BRIEF -> The answer is the exact text of every line from the one that contains "Tampa Vacation Rental" to the final line of the entries below, with pictures left out.
[[ PROVIDED INFORMATION, beginning ]]
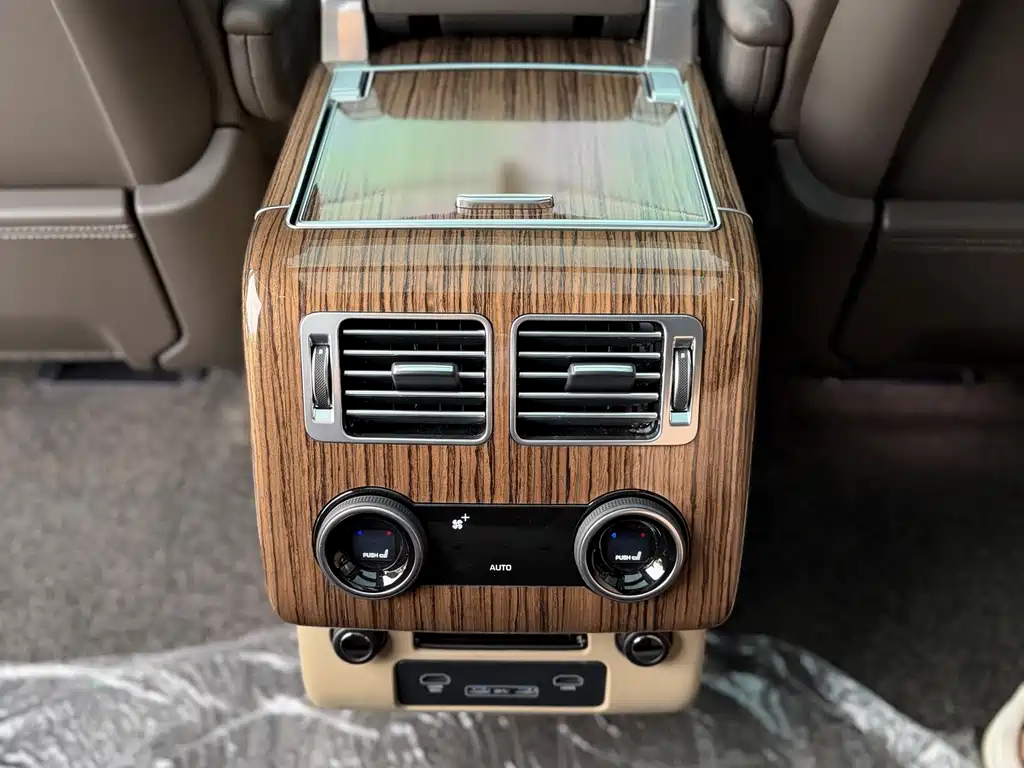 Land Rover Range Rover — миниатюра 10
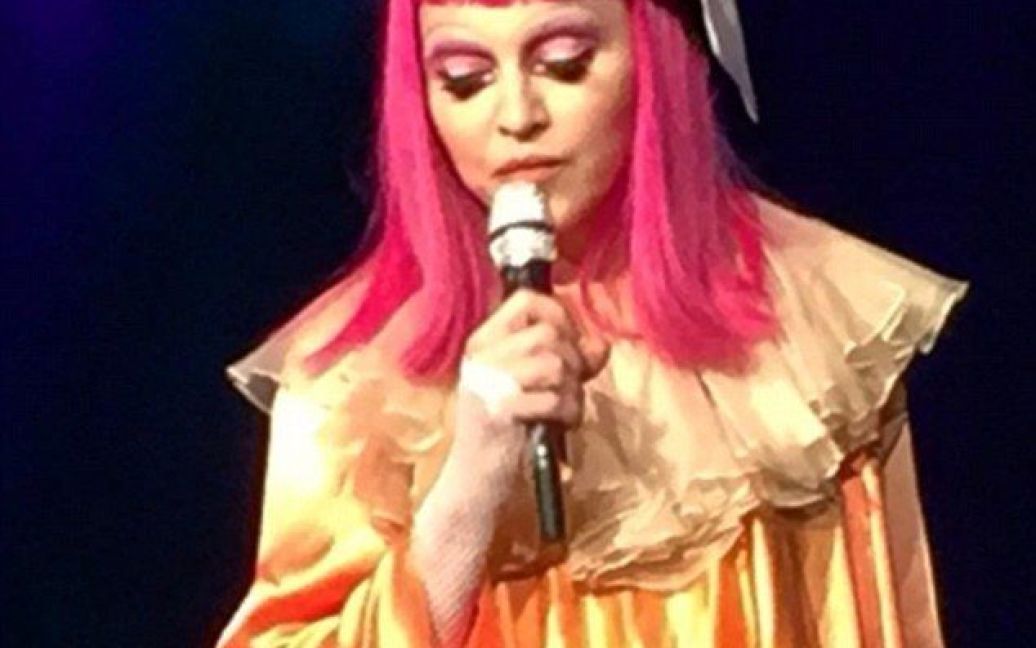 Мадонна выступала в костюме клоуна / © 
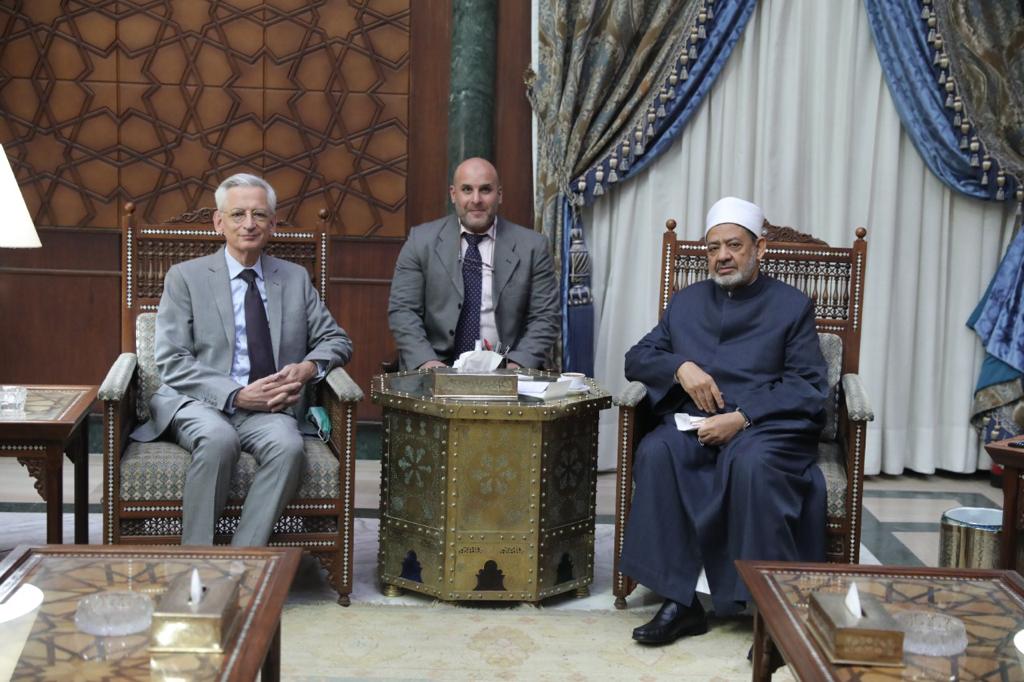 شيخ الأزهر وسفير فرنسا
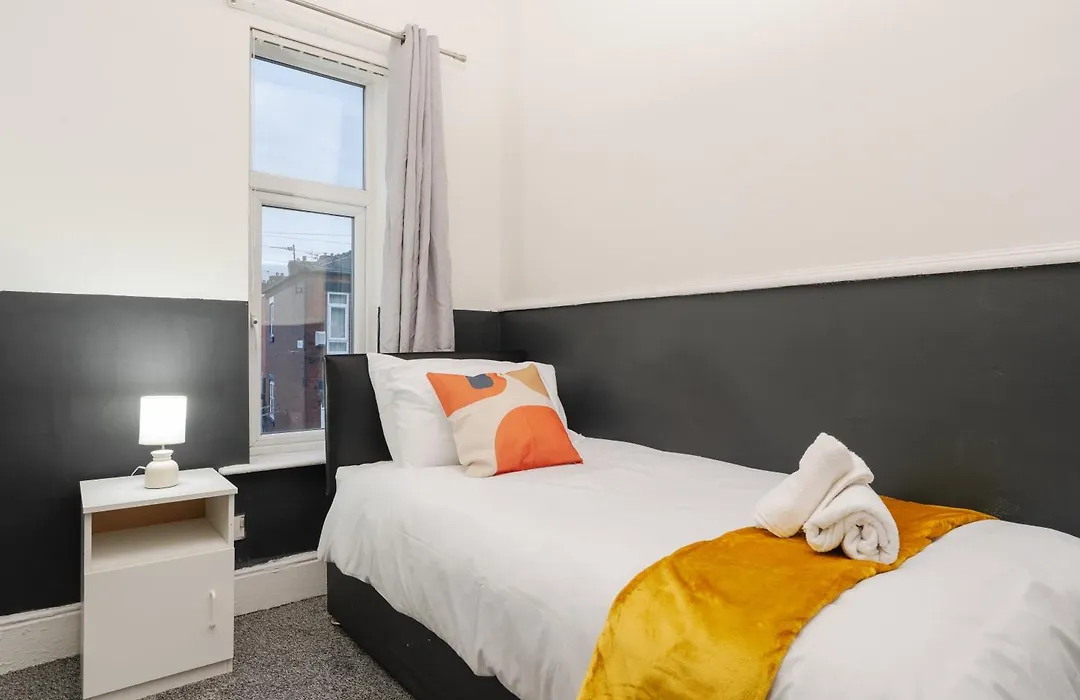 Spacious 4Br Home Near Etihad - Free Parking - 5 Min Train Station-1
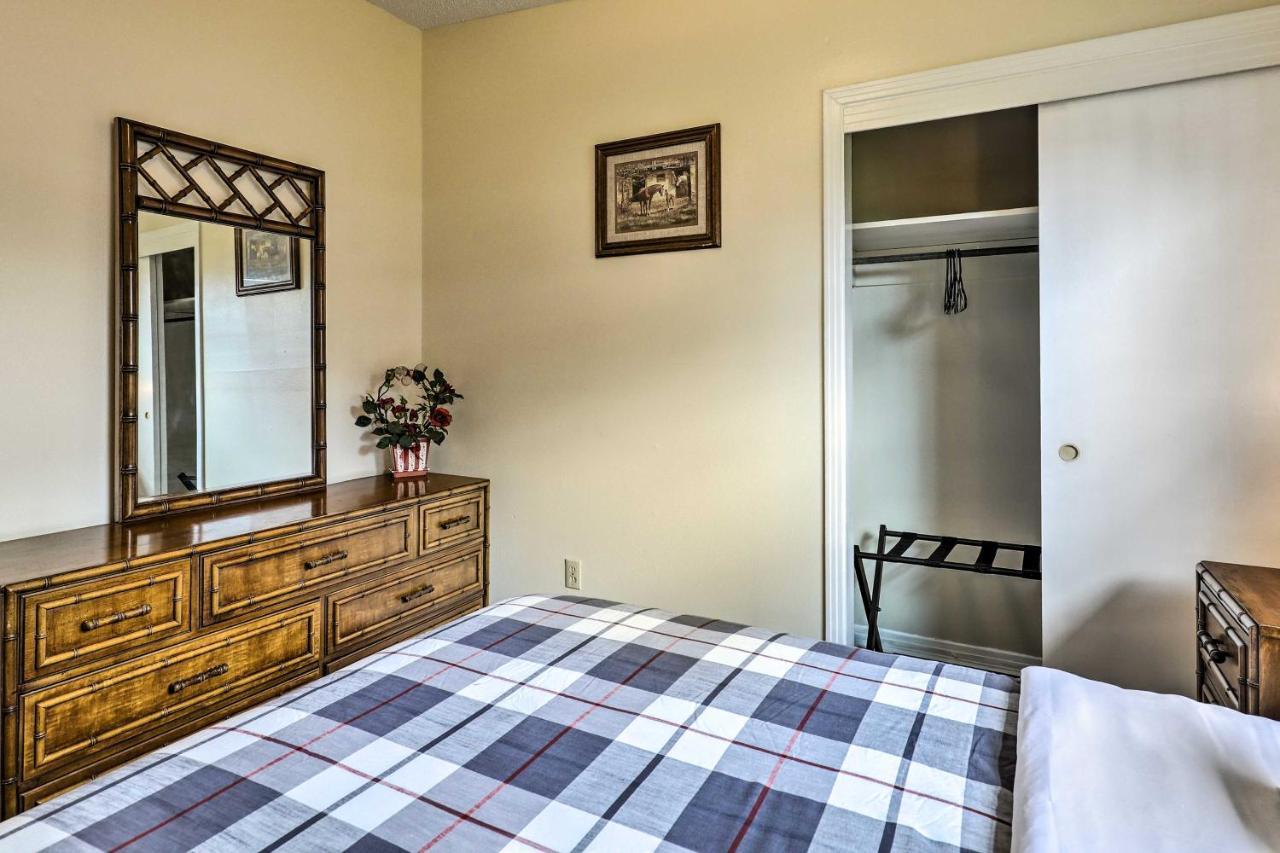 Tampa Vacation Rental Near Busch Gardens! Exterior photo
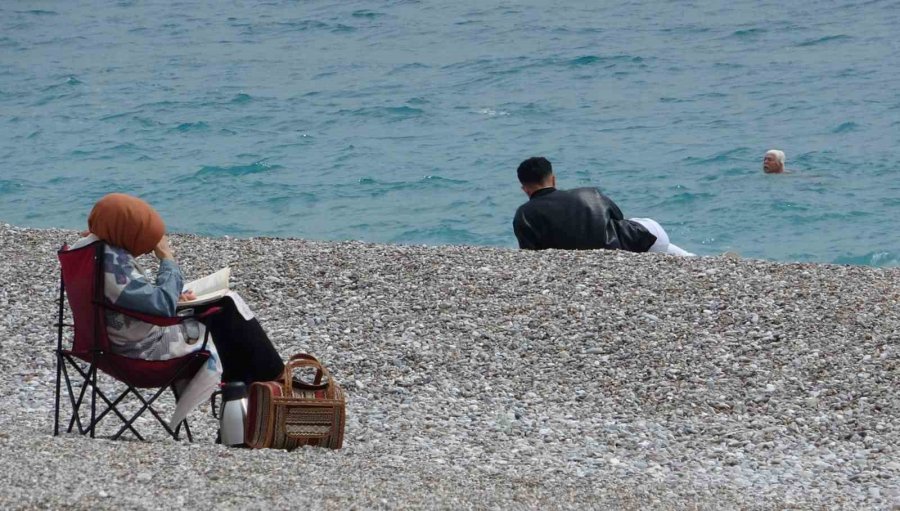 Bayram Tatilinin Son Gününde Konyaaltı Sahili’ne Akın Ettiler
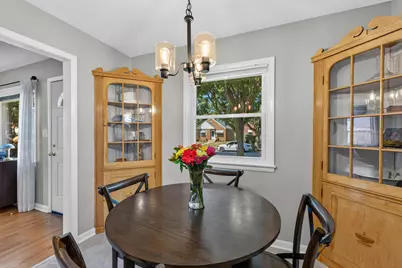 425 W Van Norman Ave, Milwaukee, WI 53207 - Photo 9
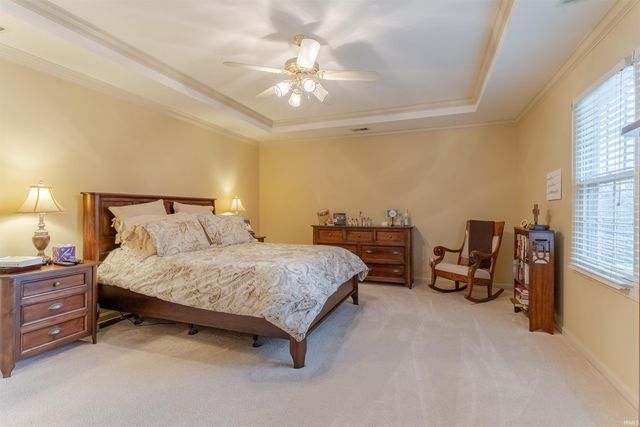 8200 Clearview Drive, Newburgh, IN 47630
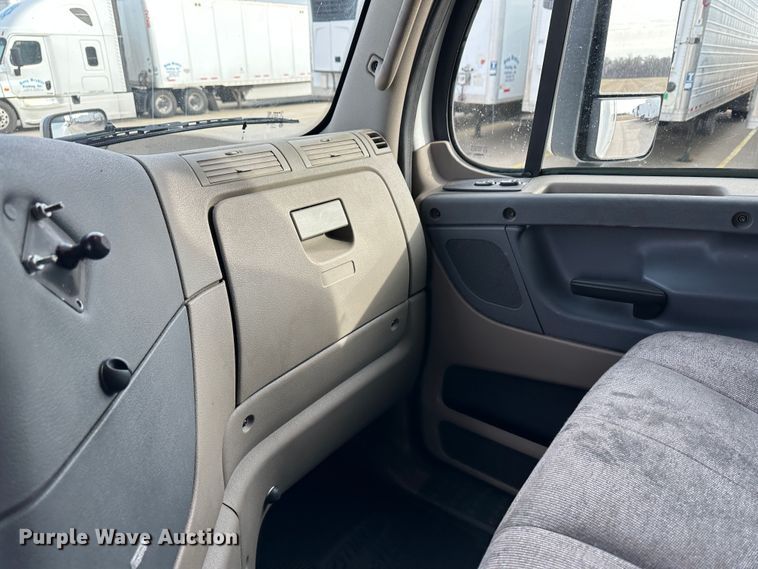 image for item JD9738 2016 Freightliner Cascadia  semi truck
[[ PROVIDED INFORMATION, end ]]
OUTPUT OF THE EXERCISE ->
 Tampa Vacation Rental Near Busch Gardens! Exterior photo
 Bayram Tatilinin Son Gününde Konyaaltı Sahili’ne Akın Ettiler
 425 W Van Norman Ave, Milwaukee, WI 53207 - Photo 9
 8200 Clearview Drive, Newburgh, IN 47630
 image for item JD9738 2016 Freightliner Cascadia  semi truck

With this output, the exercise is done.